§ INSTRUCTIONS FOR THE TASK: In the entries that follow, the line with "And that concludes" opens the range and the line with "In this module" closes it; repeat that range exactly, both lines included.

§ PROVIDED RECORDS:
________

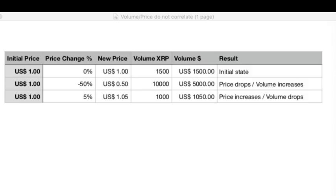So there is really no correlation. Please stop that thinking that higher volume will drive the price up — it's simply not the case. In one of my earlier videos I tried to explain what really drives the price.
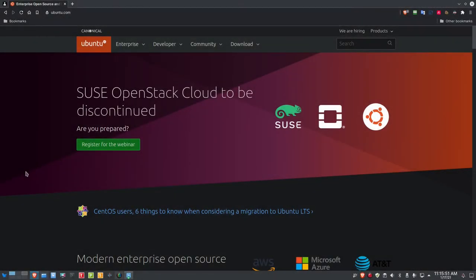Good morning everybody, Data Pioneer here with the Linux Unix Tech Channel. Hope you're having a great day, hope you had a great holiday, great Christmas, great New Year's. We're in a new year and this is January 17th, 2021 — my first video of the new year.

________

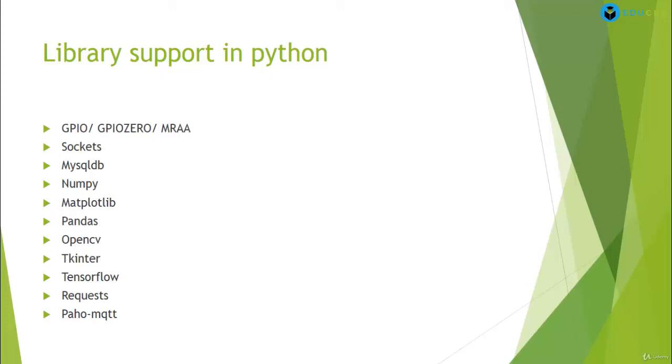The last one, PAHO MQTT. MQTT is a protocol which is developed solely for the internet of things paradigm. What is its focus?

________

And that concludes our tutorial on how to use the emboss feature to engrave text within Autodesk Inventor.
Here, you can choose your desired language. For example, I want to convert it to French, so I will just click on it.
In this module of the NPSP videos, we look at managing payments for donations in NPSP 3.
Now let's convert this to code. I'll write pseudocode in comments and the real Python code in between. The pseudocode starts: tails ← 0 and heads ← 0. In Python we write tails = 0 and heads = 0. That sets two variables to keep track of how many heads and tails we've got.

________

§ ANSWER BELOW:
And that concludes our tutorial on how to use the emboss feature to engrave text within Autodesk Inventor.
Here, you can choose your desired language. For example, I want to convert it to French, so I will just click on it.
In this module of the NPSP videos, we look at managing payments for donations in NPSP 3.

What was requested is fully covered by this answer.